Każdy z nas wybierał jedną osobę i starał się ją opisać nie używając jej
imienia, a reszta grupy wspólnymi siłami zgadywała o kim jest mowa.
Zabawa ta pozwoliła nam lepiej zapamiętać i utrwalić nasze imiona, oraz
poćwiczyć język polski. Następnie Żabki miały czas na swobodną zabawę w
sali. Korzystając z pogody wyszliśmy również na patio. Kolejną część
naszych zajęć poświęciliśmy na prace plastyczne, które pozwoliły nam
poćwiczyć klasyfikowanie, sprawność manualną, percepcje wzrokową i
słuchową, grafomotorykę i przeliczanie.
Wszystkie aktywności miały na celu oswojenie dzieci z nowym otoczeniem,
integracje z innymi, pokazać co lubią i czego potrzebują, oraz co
sprawia że czują się dobrze.
Dziękuję za pierwsze spotkanie i do zobaczenia,
Paulina i Karolina
Żabki 2
Pierwszy dzień w Szkole Polskiej w Gavá za nami!
W minioną sobotę sala Żabek 2 zamieniła się w przestrzeń integrującą
całą grupę po długiej wakacyjnej przerwie. Roztańczona piosenka na
powitanie i zabawy ruchowe pomogły pokonać małą tremę niektórym nowym
Żabkom i wzajemnie się poznać. Dzieci przedstawiały się, mówiły co
najbardziej sprawia im radość, opowiadały o wakacjach.

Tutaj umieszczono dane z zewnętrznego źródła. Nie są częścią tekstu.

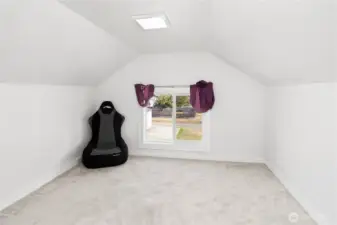 Upper Bedroom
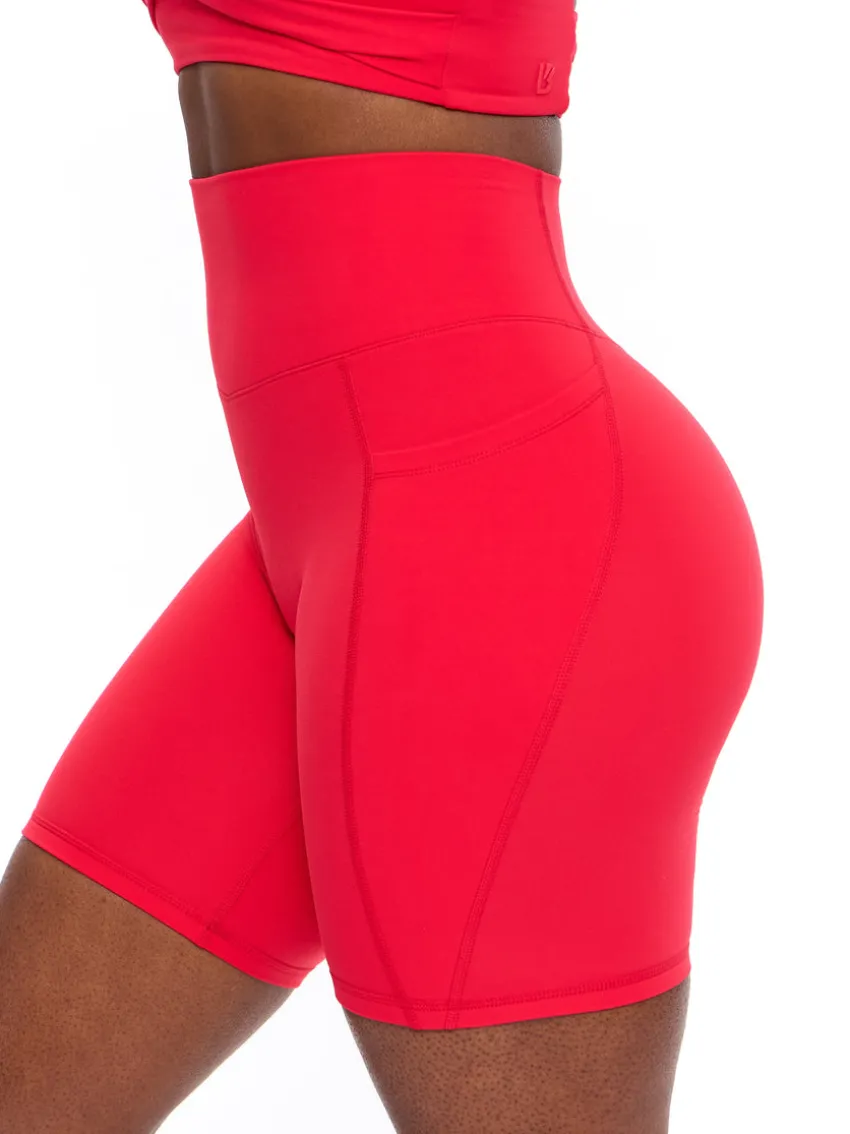 Rosa Pocket Short 7"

Wiele dzieci
odwiedziło Polskę i z zapałem opowiadało o wakacyjnych przygodach. Żeby
utrwalić imiona, Żabki wykonały swoje wizytówki, a następnie wielkie,
kolorowe i piękne drzewo naszej grupy, symbolizujące mądrość i dążenie
do rozwoju naszych małych odkrywców. Liśćmi były samodzielnie odrysowane
i wycięte kontury małych rączek. Drzewo to będzie nam towarzyszyć przez
wiele kolejnych zajęć.
Bociany
Babie lato
Babie lato rozsiewa srebrne nici. Jedna z nich nieopacznie zaplątuje się w rękę
dziewczyny leżącej na łące. Inna przykleja się do kapelusza malarza Józefa
Chełmońskiego, który dostrzega leżącą na łące dziewczynę – wyjmuje szkicownik i rysuje.
Ze szkicu powstaje przepiękny obraz „Babie lato”. Pająk krzyżak obserwuje świat z góry na jednej z nici porwanej przez wiatr. Gdzie wyląduje? Marzy o pysznej musze. Jesienna pora budzi nostalgię u Leopolda StaVa. Leopold spaceruje, po głowie kołaczą mu się słowa nowego wiersza:
„Gdy zwieziono snopy na klepiska,
Chłopcy sady z owoców otrzęśli,
W ulach pszczołom podebrano plastry,
A w ogródkach lśnią ostatnie astry:
Babie lato schodzi na ścierniska
I nić srebrną snuje z swojej przęśli. (…)”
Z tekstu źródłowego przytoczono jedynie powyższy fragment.